Hamel’s critique of businesses with a hierarchy of managers is
an attack of HCA’s business model—and those of all large hospitals where
physicians’ practices are increasingly regulated by hospital administrators. And
his description of the “risk of large, calamitous decisions” for businesses
with a management hierarchy is particularly significant as it relates to HCA,
whose top management includes stockholders like Bain Capital. Morning Star’s business
model sounds like a better fit. The medical community has already recognized
the importance of collaboration, and doctors are increasingly working as
members of teams alongside nurse practitioners, physician assistants, nurses,
physical therapists, and social workers. But without an equal stake in the outcomes,
and with others dictating protocols and standards of care, there is less incentive
for personal investment in the quality of care delivered.

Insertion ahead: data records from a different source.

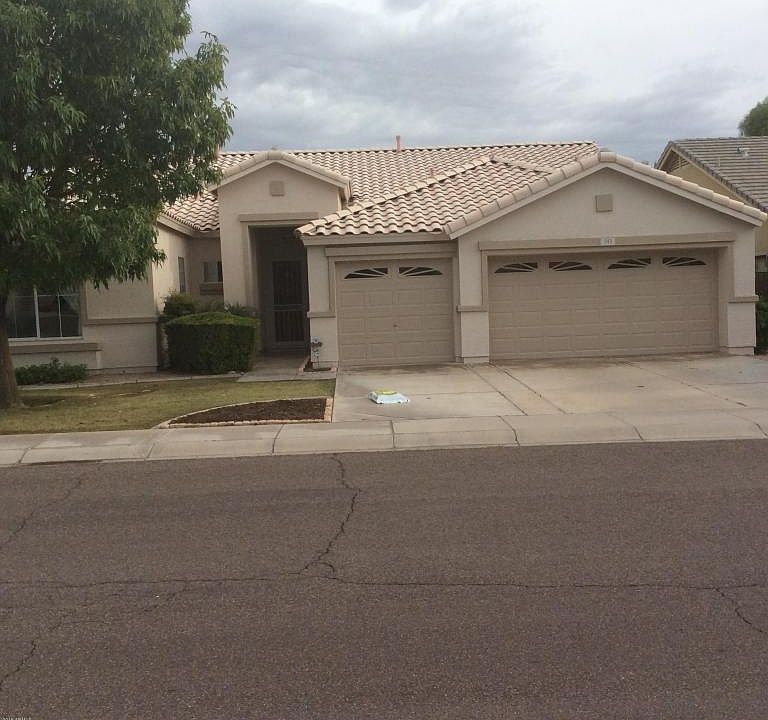1st image of 743 W Nolan Way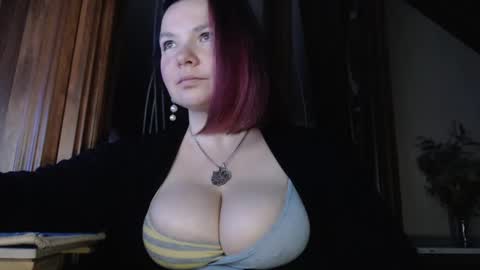 amorelara online show from 31, 1, 2025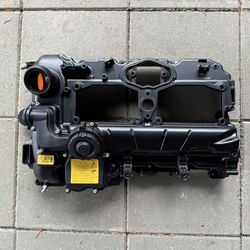 Upgrade Black Aluminum N20 Engine Valve Cover Kit with Gasket, Bolts & Oil Cap Compatible with 2012-2018 BMW 228i 320i 328i 328i GT xDrive 428i 528i X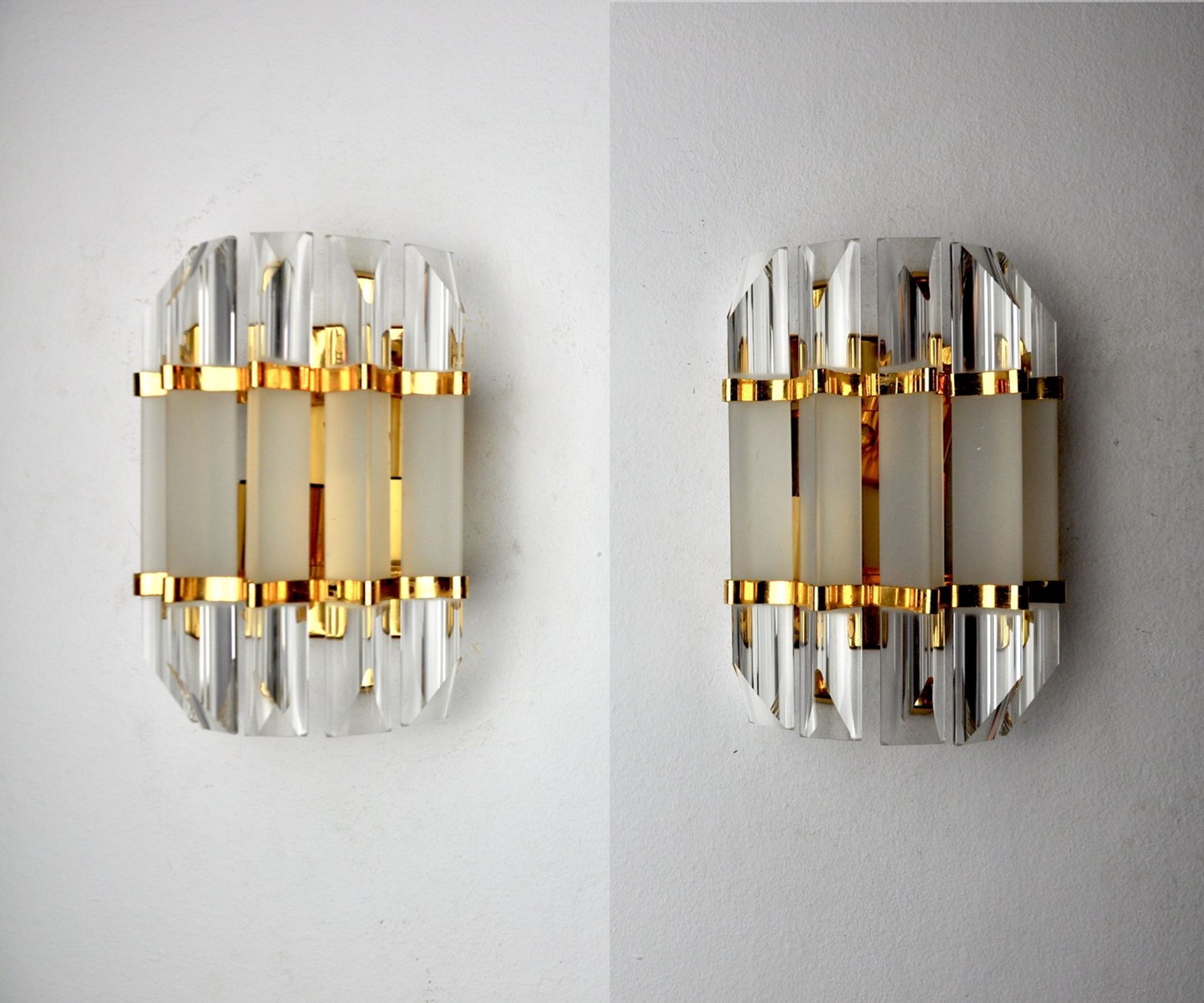Pair of venini wall lamps, Glass, Italy, 1970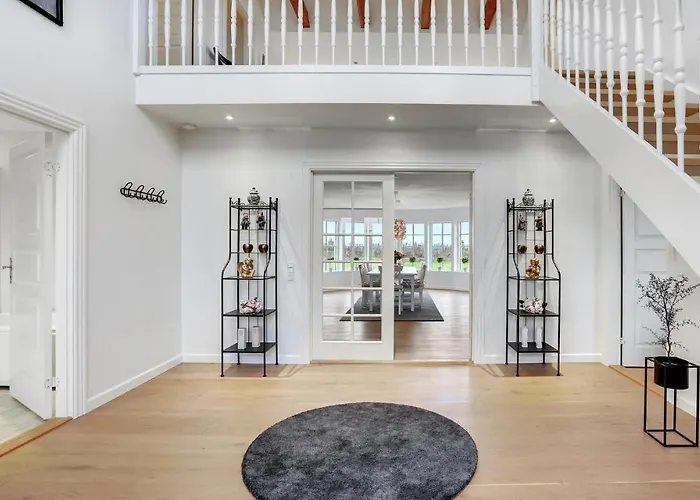 6 Bedroom Cozy In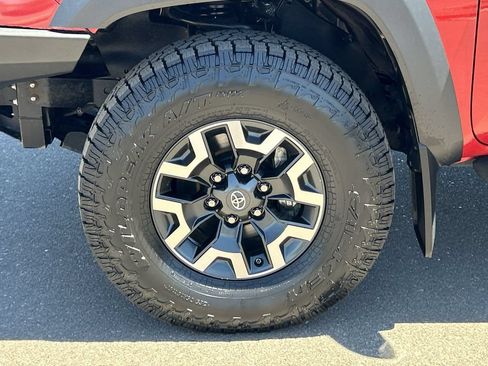 Used 2020 Toyota Tacoma TRD Off-Road w/ Advanced Technology Package AWD/4WD image 32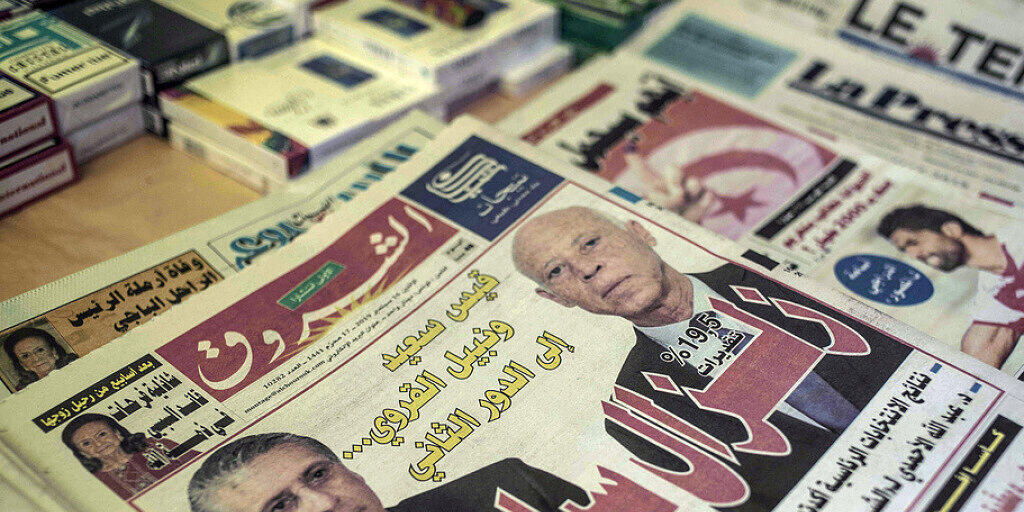 Kaïs Saïed (r) und Nabil Karoui, die beiden voraussichtlichen Wahlsieger, auf der Titelseite einer Zeitung am Montag.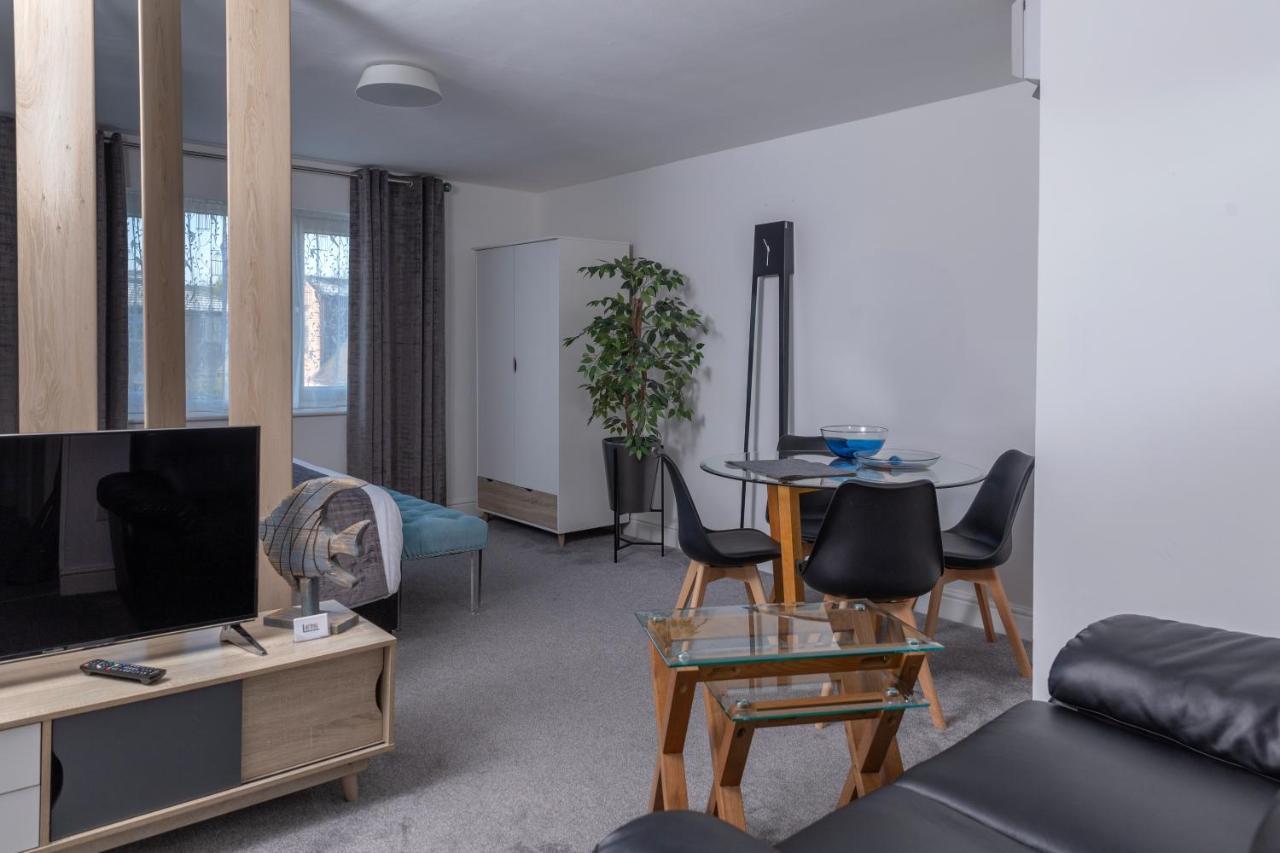 River Court Apartments Lets CBG Εξωτερικό φωτογραφία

These problems—a lack of focus on quality patient care, overemphasis
on adherence to hospital policies, and a top-down administration—aren’t unique
to HCA. In a recent article in The New
York Times, “Rationing Healthcare More Fairly,” Eduardo Porter described a
recent study of hospital emergency rooms in Wisconsin that found that “victims of severe
traffic accidents without health insurance got 20 percent less care… [and] the
uninsured were 40 percent more likely to die from their injuries,” suggesting
that linking hospital services with patients’ ability to pay is not unique to
HCA. While at the Brigham and Women’s Hospital this week, I overheard nurses
and doctors discussing whether or not to follow a hospital protocol that they
deemed unnecessary (they opted not to). And in another recent Times article entitled “Should Hospitals
Be Run by Doctors?” Tara Parker-Pope writes: “Among the nearly 6,500 hospitals
in the United States, only 235 are run by physician administrators,” despite
the fact that findings in the journal of Social
Science & Medicine last year found that “overall hospital quality
scores were about 25 percent higher when doctors ran the hospital, compared
with other hospitals; For cancer care, doctor-run hospitals posted scores 33
percent higher.” I wonder how much higher the same quality scores would be if
hospitals were run equally by all members of health care teams.
Questioning HCA’s practices is appropriate and warranted. But
the concerns raised cannot be confined to HCA hospitals alone.